2012-04-26 11:20

Kinder wenden sich an Fachstelle für Sektenfragen

Rund 1500 Personen haben die Fachstelle InfoSekta kontaktiert. Ein Drittel der Fälle betraf Kinder oder Jugendliche.

Die Zürcher Fachstelle für Sektenfragen InfoSekta hat im vergangenen Jahr 1478 Beratungsgespräche geführt. Das waren etwa gleich viele wie im Vorjahr, wie aus dem heute Donnerstag publizierten Jahresbericht 2011 hervorgeht.

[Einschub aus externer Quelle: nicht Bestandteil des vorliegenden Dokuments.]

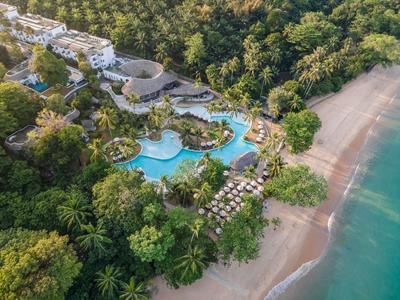 Hotelanlage mit mehreren Pools, umgeben von dichter Vegetation direkt am Strand.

In 43 Prozent der Anfragen wandten sich Personen an InfoSekta, weil eine andere Person in ein sektenhaftes Umfeld geraten war oder deren Angehörigen unter sektenhafter Beeinflussung standen. 3 Prozent standen selber mit einer Sekte in Kontakt. In rund einem Drittel der Fälle waren Kinder oder Jugendliche betroffen.

Narzisstische Neigungen ausnutzen

Über drei Viertel der Anfragen an die Fachstelle betrafen Kleingruppen wie kleine evangelikale Gemeinschaften, aber auch Geistheiler, Lebensberater, Mentaltrainer oder Seminarangebote.

Das zeige, dass auch Einzelanbieter sowie Kleingruppen «sehr problematisch» seien, heisst es im Jahresbericht. Oft nützten die Anbieter esoterischer Angebote narzisstische Neigungen aus. Nicht selten resultiere daraus ein Abhängigkeitsverhältnis.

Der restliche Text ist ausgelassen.